=== Section Start ===

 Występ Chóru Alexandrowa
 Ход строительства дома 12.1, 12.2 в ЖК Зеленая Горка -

=== Section End ===
=== Section Start ===

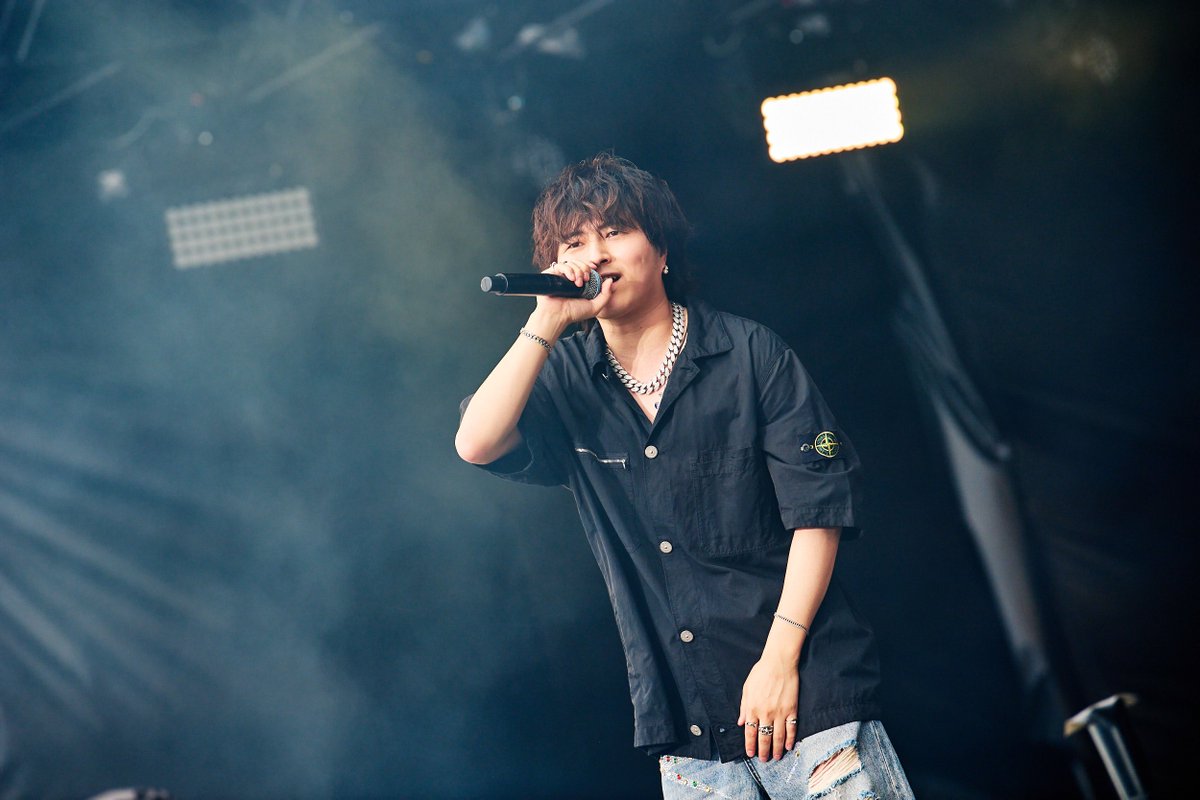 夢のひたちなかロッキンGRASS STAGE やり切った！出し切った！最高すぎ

=== Section End ===
=== Section Start ===

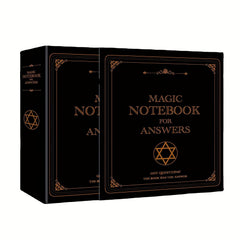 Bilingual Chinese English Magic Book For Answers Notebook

=== Section End ===

## EXERCISE GOAL
Starting at the line above that contains "Występ Chóru Alexandrowa", write out each line exactly until the line that contains "Ход строительства дома" has been written, and stop there.

## TASK SOLUTION
 Występ Chóru Alexandrowa
 Ход строительства дома 12.1, 12.2 в ЖК Зеленая Горка -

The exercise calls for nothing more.